Não foram apresentadas contra-alegações. Foi proferido despacho que admitiu o recurso, como apelação (artigo 926.º n.º 2 do CPC), subindo nos próprios autos (artigo 926.º n.º 2 do CPC), de imediato (artigo 926.º n.º 2 do CPC) e com efeito suspensivo (artigo 926.º n.º 2 do CPC). Colhidos os vistos, cumpre decidir.
II - OBJETO DO RECURSO: Resulta do disposto no art.º 608.º, n.º 2, do Código de Processo Civil, aqui aplicável ex vi do art.º 663.º, n.º 2, e 639.º, n.º 1 a 3, do mesmo Código que, sem prejuízo das questões de conhecimento oficioso, o Tribunal só pode conhecer das questões que constem nas conclusões que, assim, definem e delimitam o objeto do recurso. A questão decidenda consiste em saber se o ocorre erro de julgamento, ao não ter o tribunal recorrido dado relevância ao acordo das partes que foi junto a este autos, permitindo que o mesmo fosse alvo de discussão nesta ação.

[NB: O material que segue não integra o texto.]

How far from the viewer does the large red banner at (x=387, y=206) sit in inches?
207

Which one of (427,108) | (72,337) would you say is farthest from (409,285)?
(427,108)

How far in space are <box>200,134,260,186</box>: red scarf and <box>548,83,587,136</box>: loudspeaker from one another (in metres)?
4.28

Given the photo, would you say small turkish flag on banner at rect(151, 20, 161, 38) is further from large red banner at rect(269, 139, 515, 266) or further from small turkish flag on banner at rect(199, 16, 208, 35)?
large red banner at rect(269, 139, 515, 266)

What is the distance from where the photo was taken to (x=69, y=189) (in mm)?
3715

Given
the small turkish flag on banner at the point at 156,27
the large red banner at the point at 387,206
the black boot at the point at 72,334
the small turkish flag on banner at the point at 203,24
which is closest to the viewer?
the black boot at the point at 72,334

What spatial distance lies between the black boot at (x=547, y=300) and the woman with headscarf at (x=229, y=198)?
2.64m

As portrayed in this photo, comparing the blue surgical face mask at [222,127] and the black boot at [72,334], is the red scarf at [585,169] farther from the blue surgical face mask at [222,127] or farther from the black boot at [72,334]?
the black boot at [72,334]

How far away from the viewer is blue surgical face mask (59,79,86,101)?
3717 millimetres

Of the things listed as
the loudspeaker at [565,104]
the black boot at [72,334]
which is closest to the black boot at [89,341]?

III - FUNDAMENTAÇÃO: Na decisão proferida foi considerada assente a seguinte factualidade por acordo das partes, confissão ou por documento: 1. No dia 13 de Junho de 1980, no Sexto Cartório Notarial do Porto e perante a notária, CC e DD declararam doar a BB e a AA, que declararam aceitar, em comum e em partes iguais, um prédio urbano de dois pavimentos e quintal, sito na Rua ..., ..., Matosinhos. 2. Através da ap. ...1, de 28/07/1980, encontra-se registado a favor de BB e de AA a aquisição, por “doação”, do prédio urbano, sito na Rua ..., ..., Matosinhos, com o artigo matricial n.º ...92. 3. O referido prédio encontra-se identificado no Serviço de Finanças de Matosinhos-2, sob o artigo ...47.º, sendo aí descrito como “prédio de dois pavimentos, destinando-se o r/ch a comércio e indústria e o 1.º andar a habitação. Tem no r/ch duas divisões e wc e no 1.º andar três divisões, cozinha, quarto de banho, copa e vestíbulo”, constando como titulares da propriedade plena, na proporção de ½, o autor e a ré. 4. A 07/03/2013, a ré subscreveu um documento, denominado de “Acordo”, onde, além do mais, se fez constar:
5.A 28/06/2022, no âmbito do processo n.º ..., que correu termos no Juízo Local Cível de Matosinhos – Juiz 4, do Tribunal Judicial da Comarca do Porto, foi proferida sentença com o seguinte dispositivo[1]:
6. No âmbito do referido processo n.º ..., a 12/01/2023, realizou-se a conferência de interessados, constando da respetiva ata, além do mais, o seguinte: «(…) Atenta a não aceitação por parte do Réu da desistência da instância pela Autora, foi pedida a palavra e, no uso da mesma, disse querer desistir do pedido.-- Face à desistência do pedido, pela Mma Juiz foi proferido a seguinte: SENTENÇA "Na presente acção que BB move contra AA atenta a qualidade da interveniente e a disponibilidade do respetivo objeto, considera-se válida e relevante a desistência que antecede, que se homologa, por sentença, desta forma se extinguindo o direito que aqui se pretendia fazer valer e declarando-se a consequente extinção da instância (artigos 283º/1, 285º/1, 286º/2, 289º a contrario sensu e 277/d), todos do CPC ). Custas pela desistente (art. 537.º/1, do Código de Processo Civil), fixando-se o valor da acção em €370.000,00. Registe e notifique."— (…)».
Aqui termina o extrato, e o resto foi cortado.